The unit has some people on staff already and is looking to hire others.

“It’s really about the amount of resources that need to be on this. There also has been with the creation of this unit conversations with the National Security staff and Michael Daniel’s organization on some of the things they were doing looking at the federal government, that really are an OMB role so some of this is a shift as well,” he said. “The timing, I would actually argue to some degree, is this is more of a codification of an evolution OMB has been going through for quite a while.”

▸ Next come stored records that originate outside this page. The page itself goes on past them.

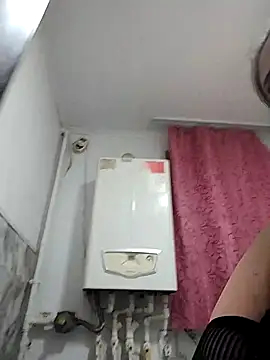 AdelinaJude online show from February 12, 9:27 pm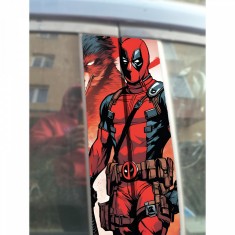 Sticker Auto Deadpool pentru Stalpi Usi , Design Comic si Nonconformist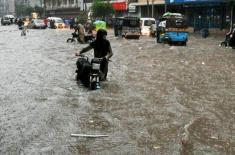 Heavy rain lashes Karachi again, Urban flooding, p ..
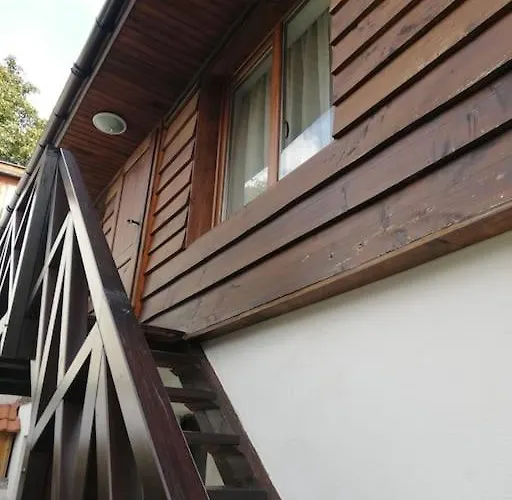 студио в близост до църквата и центъра на града * Bansko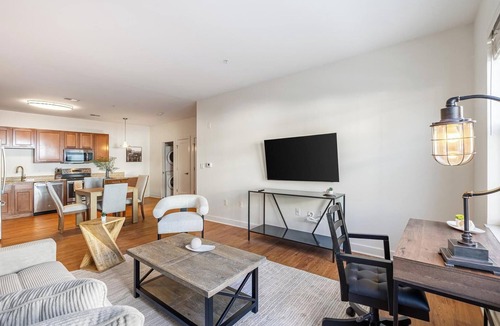 Albany Apartment | Landing | Stunning 1BD, Gym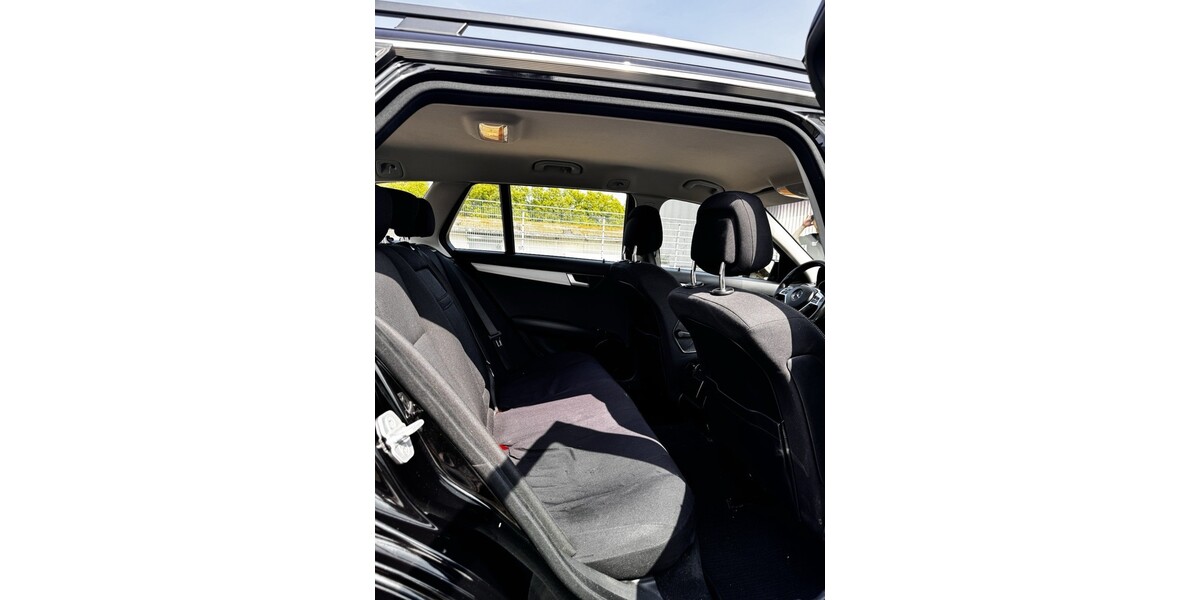 Mercedes-Benz 220 261.498 km 8.500 &euro; Hannover 30159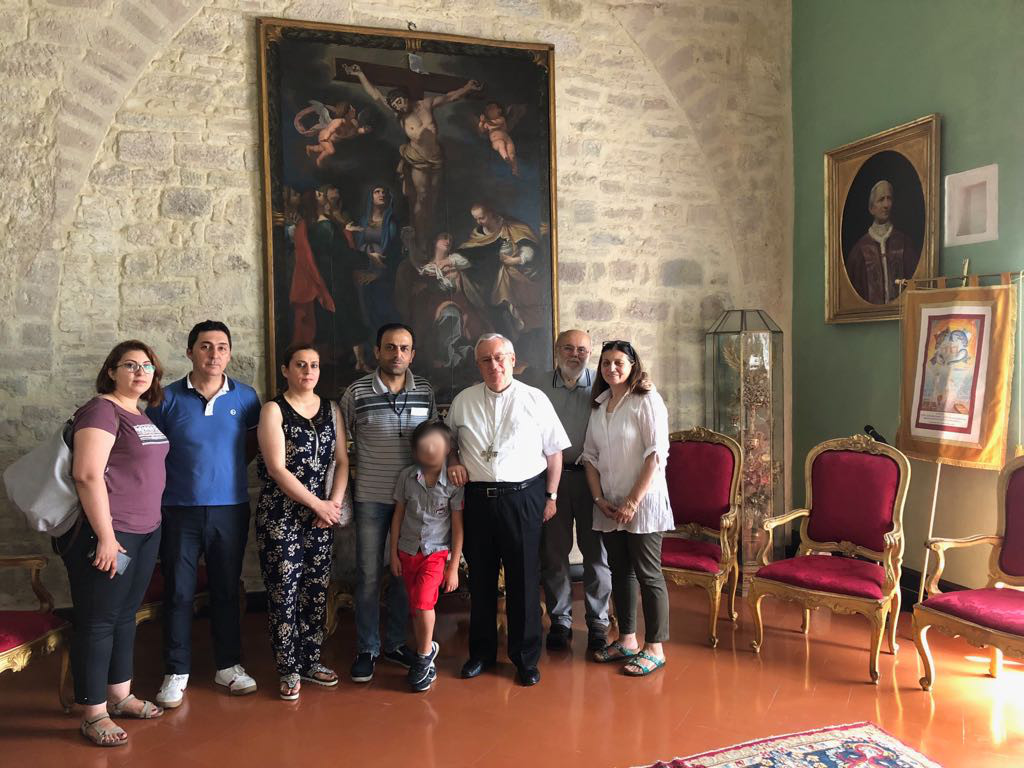 Perugia: Il cardinale Gualtiero Bassetti ha incontrato le due famiglie siriane assistite dalla Caritas diocesana, giunte in Italia attraverso il corridoio umanitario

Along with cyberstats, OMB will be focusing heavily on the continued implementation of the continuous diagnostics and mitigation (CDM) program.

CDM dashboard chosen

DHS has the lead, but Schneider said OMB is overseeing the government’s progress as part of the White House’s cross-agency priority goals.

Schneider said DHS and the General Services Administration, which is acting as the procurement arm for the CDM program, will make the first award under phase 1, task order 2 for integration services for DHS in the next few weeks.

Schneider said the second award under task order two for a group of agencies, including the departments of Agriculture, Veterans Affairs, Energy and Transportation, the Office of Personnel Management and the Executive Office of the President, is expected shortly afterwards.

“I think what we will learn is some of what is most critical and the integration with the dashboard,” he said. “We’re always looking to get capabilities out quickly and then do it with as much due diligence as possible. I think we have struck a balance between the timing to get capabilities to some of the most critical agencies — though all are critical — early on and learn enough as we go from an integration standpoint and an acquisition standpoint and everything else.”

Under task order 2, Schneider said agencies will get integration services for the tools and the agencywide dashboard, which will collect the data.

In December, DHS and GSA’s CDM dashboard contractor Metrica Team Venture chose RSA’s Archer tool for the agency dashboards.

Metrica currently is conducting an analysis of alternatives for the governmentwide dashboard that each of these agencywide tools will feed data to as part of the cyberstat and OMB oversight efforts..

The award for the agencywide dashboard comes after there was confusion back in September over whether Metrica chose RSA or not.

GSA and DHS issued a request for information (RFI) last year for Phase 2 of CDM, and Schneider said they are reviewing responses.

The vendors under the CDM blanket purchase agreement should expect to receive more detailed Phase 2 requirements by Feb. 17. Then 45 days later, vendors must propose new tools that meet those new requirements.

DHS and GSA will evaluate those offerings and modify the BPA before the end of June.

Schneider said DHS and GSA are scheduled to award the task orders for Phase 2 in fiscal 2016 and Phase 3 in 2017.

“From an overall cybersecurity standpoint, you have to understand your environment in order to protect your environment,” Schneider said. “CDM in the next year is going to get us great amounts of insight into situational awareness and then with that situational awareness, we can have conversations with agencies about what needs to be done so what patches, what provision levels or what devices may need to come off the network or system, and to really make those proactive decisions and enhance the security posture.”